Even before we entered this museum, its range of exhibits were suggested by items outside the front door; there were two large rocks that were the first geological displays of the visit plus the back half of a plunging whale on the awning over the entrance began the displays on marine life. We didn’t get far inside before we encountered another huge whale balancing above our heads on the first set of stairs. Entry to this museum was free!
This blog is not the place for an exhaustive account of what we saw on our slow stroll around this museum. All I will be doing here is giving potential visitors a small taste of some of the exhibits that we enjoyed on our visit to this museum.
There are five permanent exhibitions in this natural history museum so here is a small taste of what we saw in these categories…
In this section of the museum’s permanent exhibitions, the story of the history of Earth and the evolutionary history of life on Earth beginning 3.8 billion years ago and stretching until the present day.

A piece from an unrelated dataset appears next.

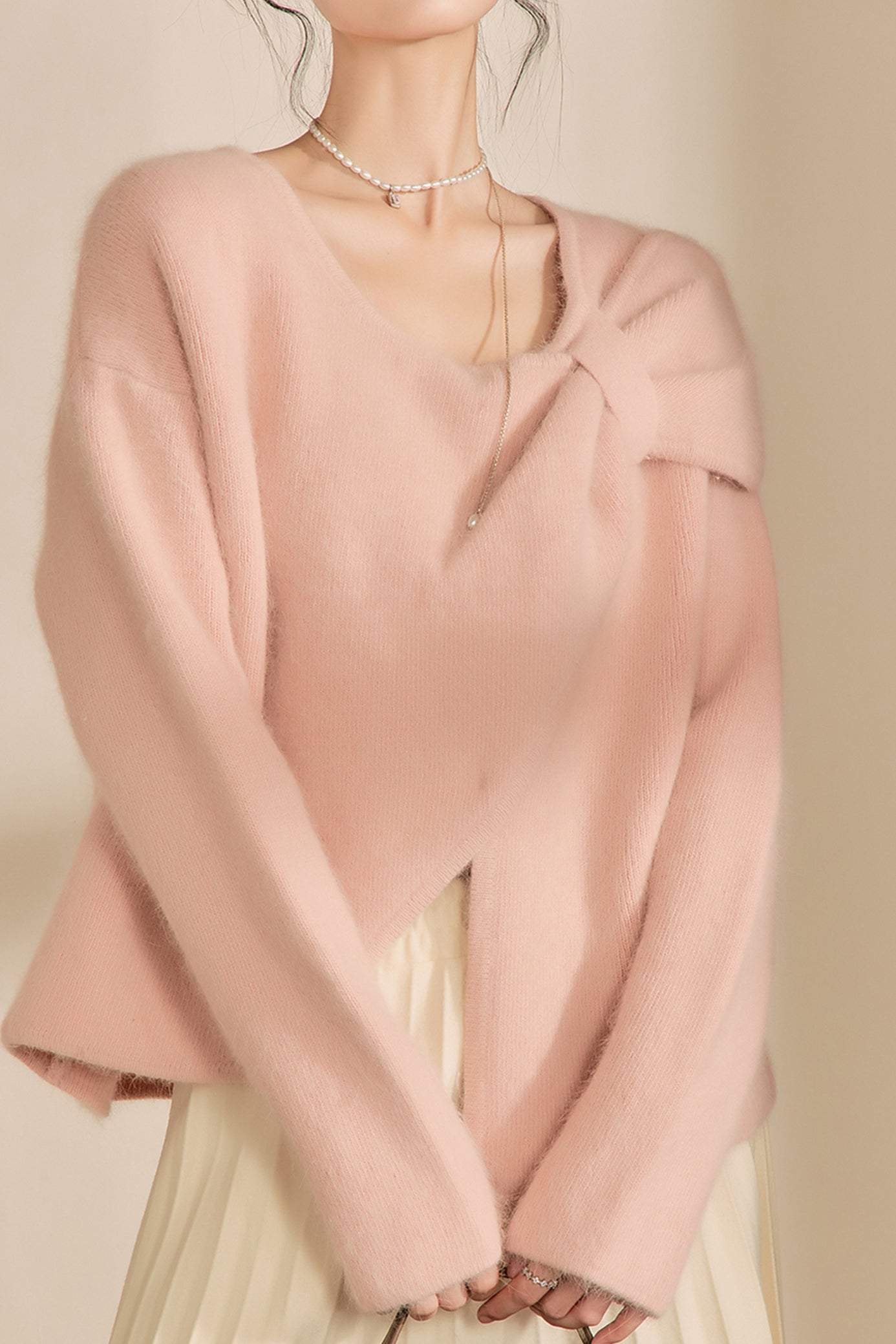 Plain Irregular Butterfly Ribbon Loose Fur Knit Round Neck Sweater - liwisi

Note that the staff placed a modern alligator underneath the dinosaur exhibit to show the evolutionary ‘progress’ of these creatures.
The museum’s Birds Galleries have birds from all over the world.
FISH AND REPTILES
Spider Crabs and Nautilus Squid.
THE MAMMALS GALLERY
This was a our favourite Gallery, probably due to the size of so many of the animals on display.
THE WHALE HALL…Spectacular!
We spent a fair portion of the afternoon wandering the Natural History Museum but eventually we had to agree that enough was enough so just before information overload set in, we departed this lovely museum and headed out on the long walk back to our hotel. By now we were starting to get the hang of the city of Gotheburg so we were able to choose a direct route back to the Haga Church (left below) and from there on it was straightforward. We crossed over into the parks that lined the canal that wound its way around the centre of the city. We passed rose gardens on our way and passed one more striking sculpture that deserved a close inspection. It was a 19th century piece called the Knife Wrestlers and was apparently pretty popular in its day so there are multiple copies of the sculpture around the cities of Europe.
We were very pleased with our long day’s walk getting to know Gothenburg!